Material for this task:
━━━━━━━━

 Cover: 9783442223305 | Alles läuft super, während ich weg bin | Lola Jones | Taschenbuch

━━━━━━━━

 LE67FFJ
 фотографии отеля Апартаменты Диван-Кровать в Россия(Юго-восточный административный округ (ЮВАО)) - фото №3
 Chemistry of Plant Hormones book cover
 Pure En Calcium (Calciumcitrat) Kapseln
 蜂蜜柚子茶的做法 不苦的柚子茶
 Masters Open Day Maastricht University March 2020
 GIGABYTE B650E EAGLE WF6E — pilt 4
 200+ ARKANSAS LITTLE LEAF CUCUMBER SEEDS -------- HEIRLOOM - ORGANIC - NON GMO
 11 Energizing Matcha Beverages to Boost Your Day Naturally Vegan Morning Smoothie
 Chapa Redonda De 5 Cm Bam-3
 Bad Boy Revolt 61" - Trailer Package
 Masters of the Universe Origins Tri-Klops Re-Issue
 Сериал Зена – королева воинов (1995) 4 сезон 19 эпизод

━━━━━━━━

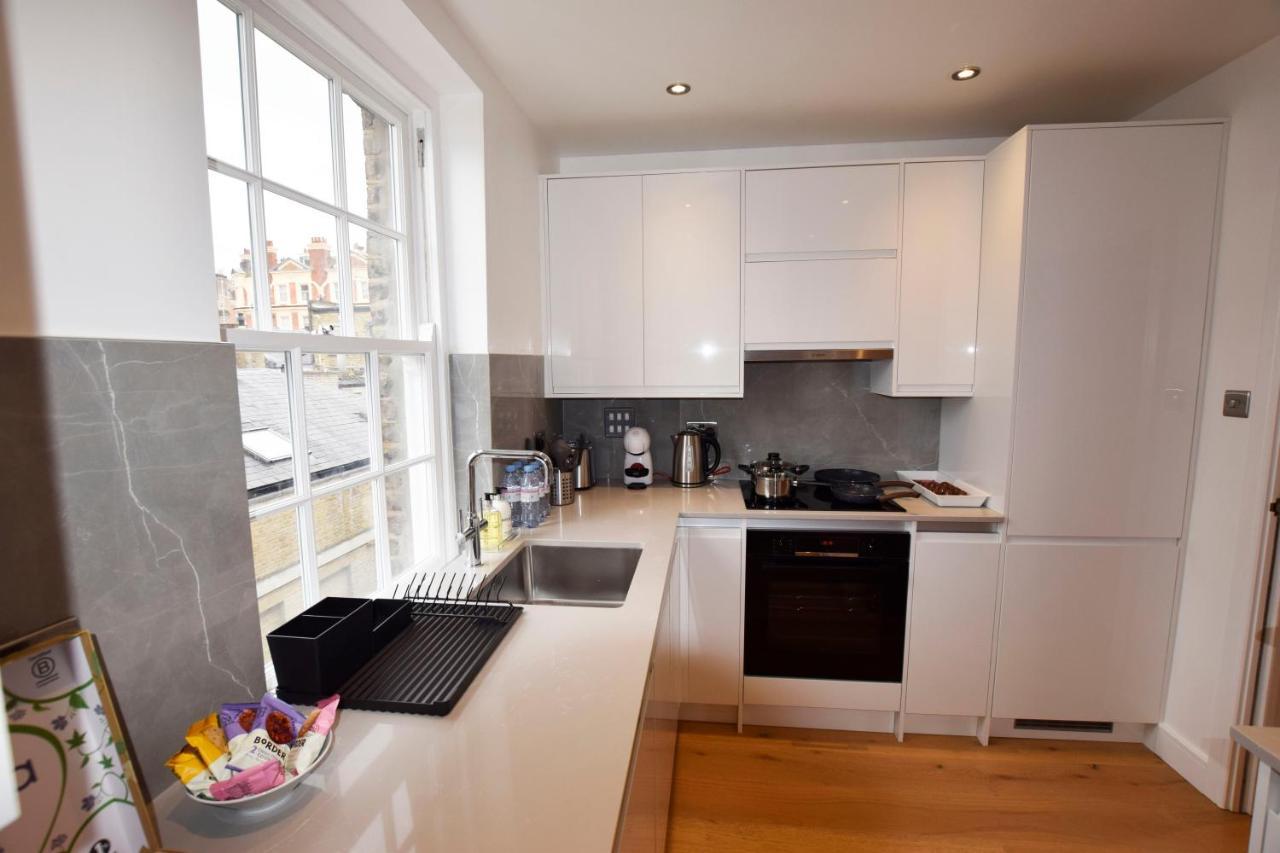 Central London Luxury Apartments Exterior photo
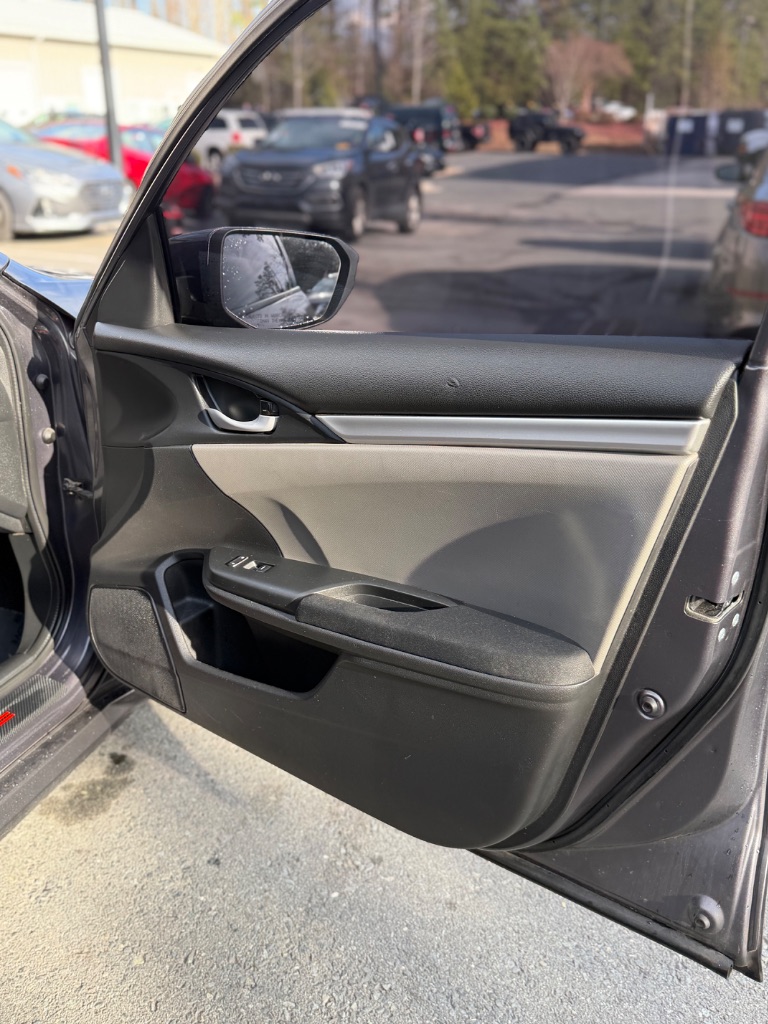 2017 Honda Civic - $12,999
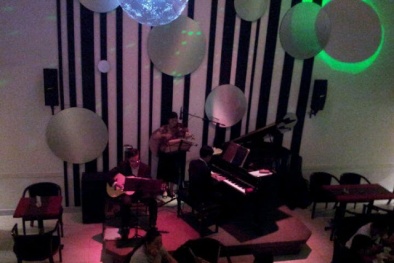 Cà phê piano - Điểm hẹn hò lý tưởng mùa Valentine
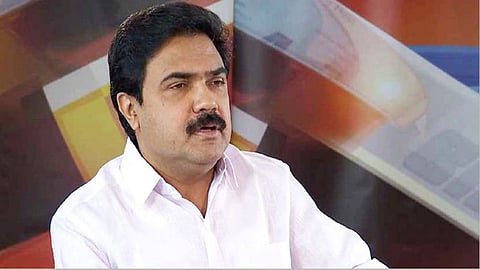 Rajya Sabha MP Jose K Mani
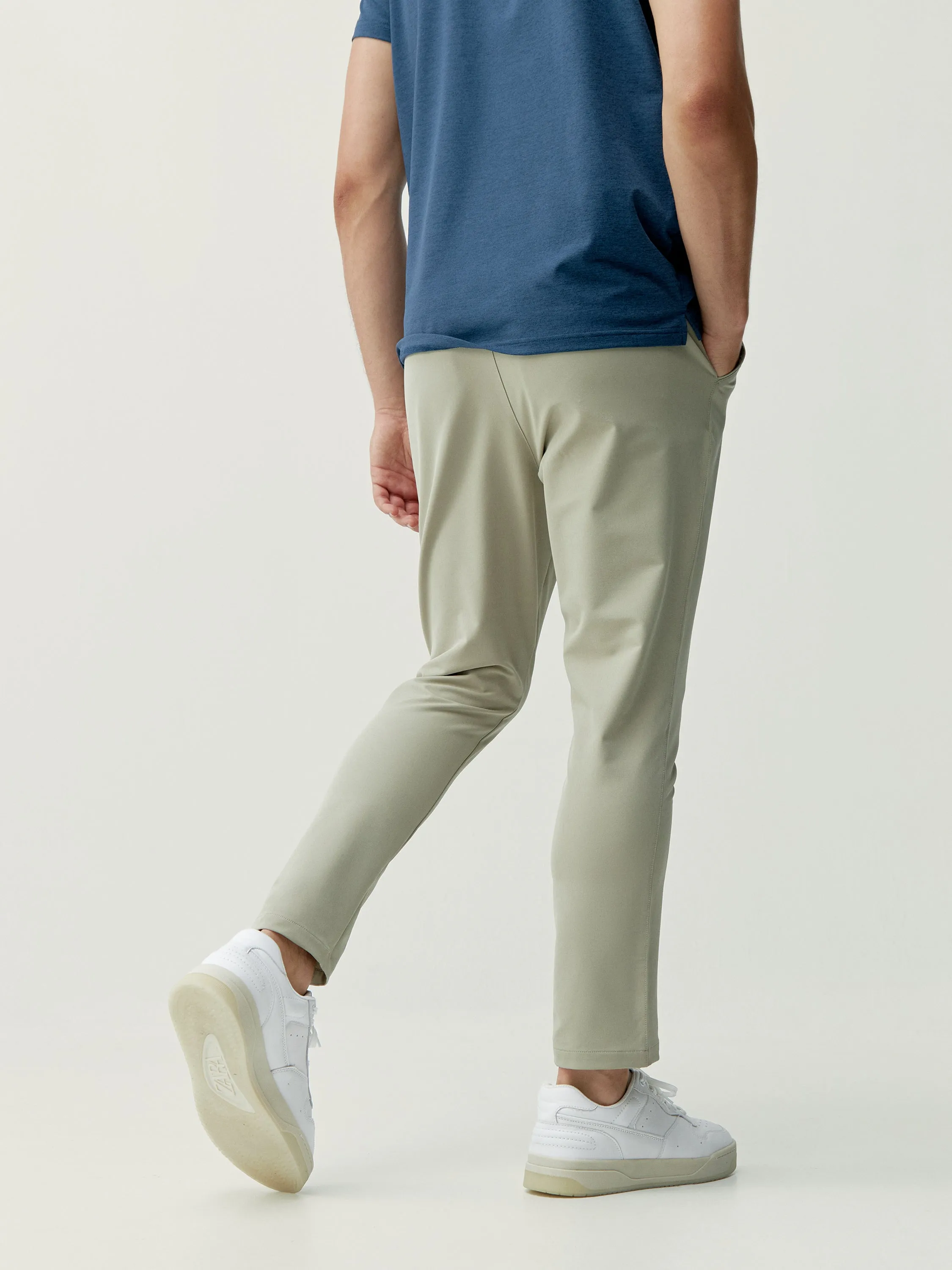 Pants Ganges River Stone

━━━━━━━━

Task: Here the job is to copy the stretch of records from the line containing "2017 Honda Civic - $12,999" through the line containing "Pants Ganges River Stone", word for word. Leave every picture out.

Finished task:
 2017 Honda Civic - $12,999
 Cà phê piano - Điểm hẹn hò lý tưởng mùa Valentine
 Rajya Sabha MP Jose K Mani
 Pants Ganges River Stone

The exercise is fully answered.